Each record below should be returned word for word, with no pictures included.

---- Provided information

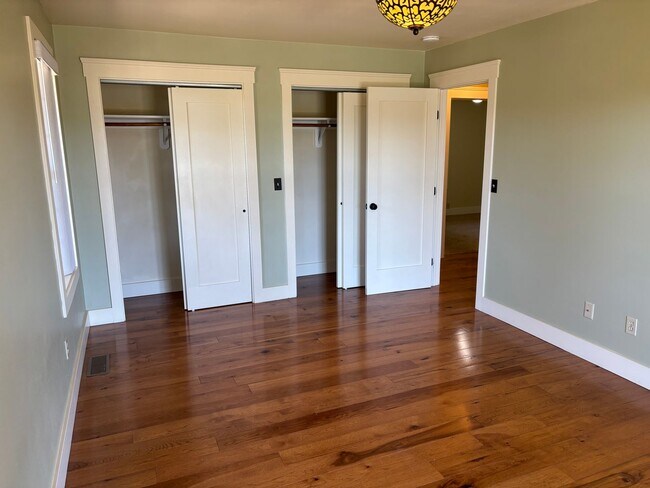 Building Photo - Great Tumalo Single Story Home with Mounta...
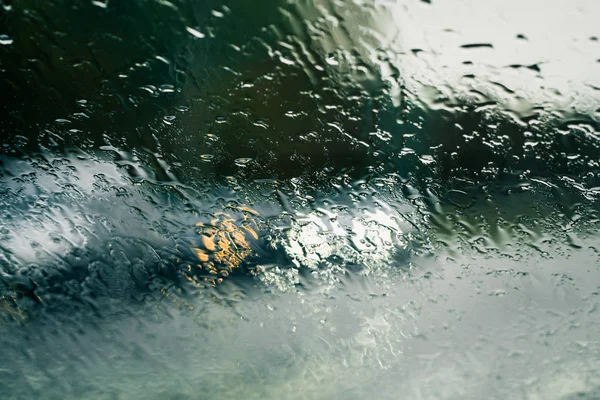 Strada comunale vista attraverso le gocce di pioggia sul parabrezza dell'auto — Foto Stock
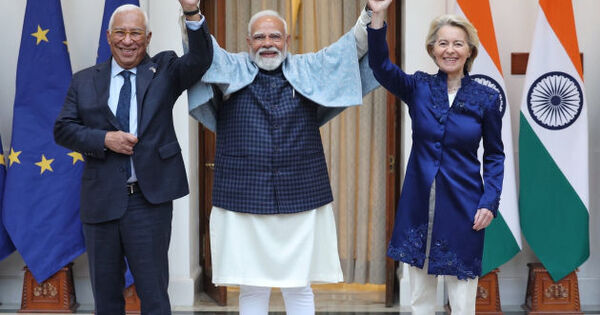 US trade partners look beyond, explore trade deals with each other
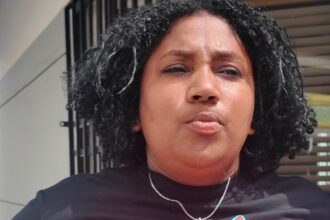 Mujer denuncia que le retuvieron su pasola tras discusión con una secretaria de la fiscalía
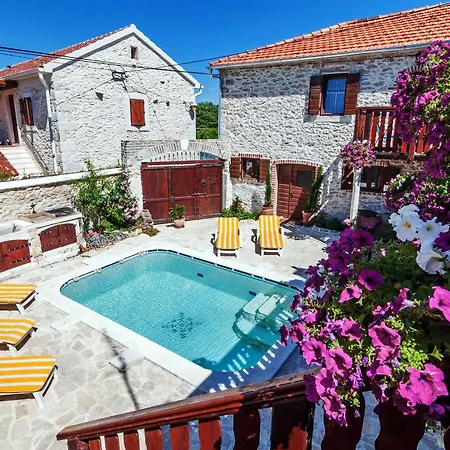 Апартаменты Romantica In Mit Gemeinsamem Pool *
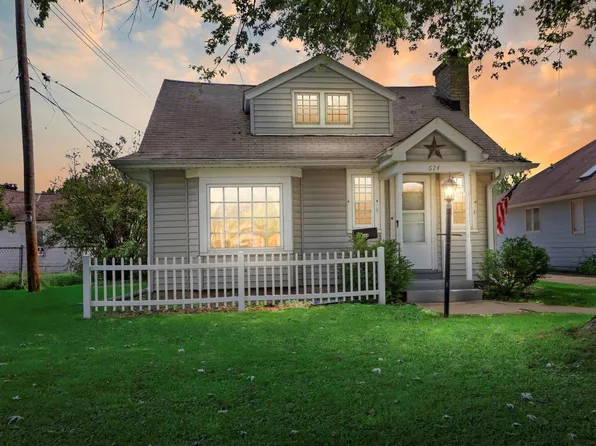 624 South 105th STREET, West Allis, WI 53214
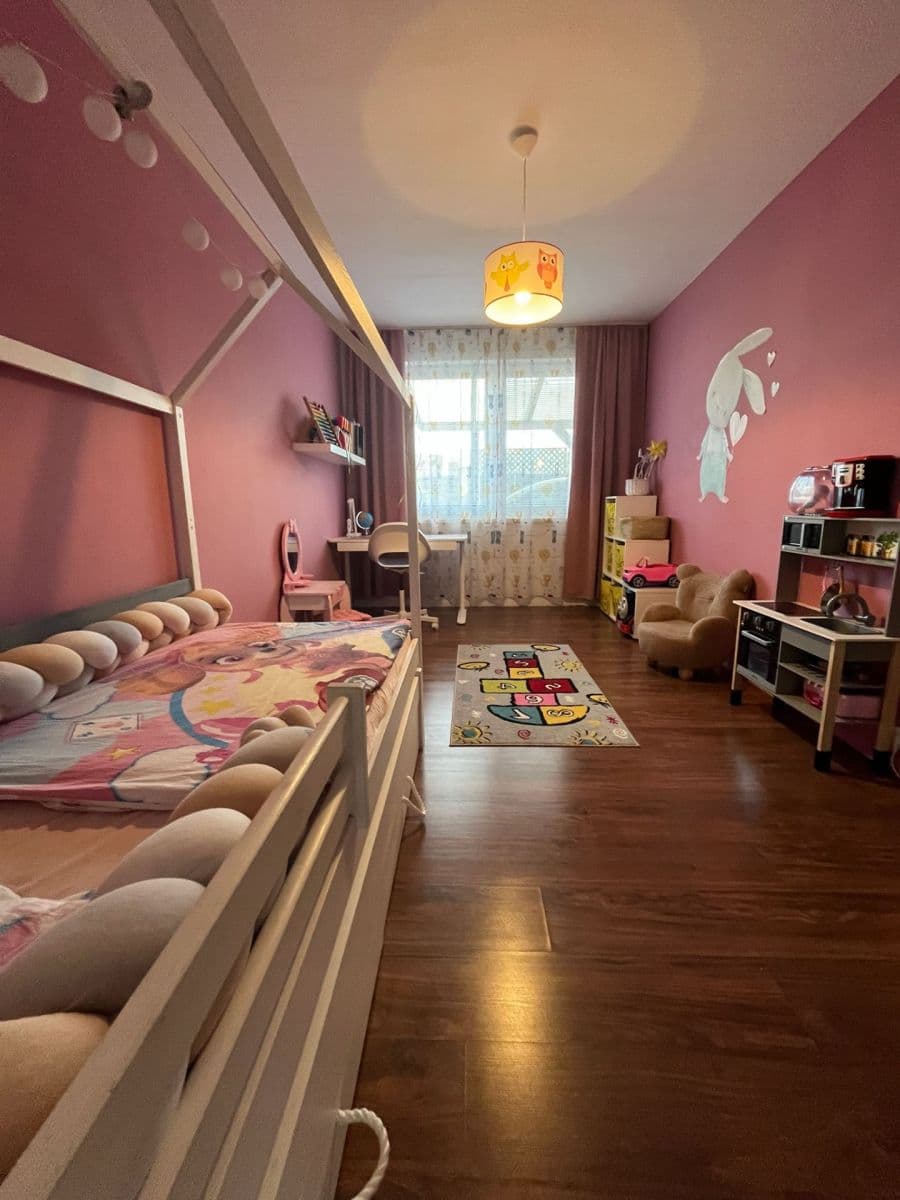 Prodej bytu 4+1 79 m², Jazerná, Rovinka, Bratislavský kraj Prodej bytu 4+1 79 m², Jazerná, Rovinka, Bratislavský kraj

--------

▶ _Exercise output_:
 Building Photo - Great Tumalo Single Story Home with Mounta...
 Strada comunale vista attraverso le gocce di pioggia sul parabrezza dell'auto — Foto Stock
 US trade partners look beyond, explore trade deals with each other
 Mujer denuncia que le retuvieron su pasola tras discusión con una secretaria de la fiscalía
 Апартаменты Romantica In Mit Gemeinsamem Pool *
 624 South 105th STREET, West Allis, WI 53214
 Prodej bytu 4+1 79 m², Jazerná, Rovinka, Bratislavský kraj Prodej bytu 4+1 79 m², Jazerná, Rovinka, Bratislavský kraj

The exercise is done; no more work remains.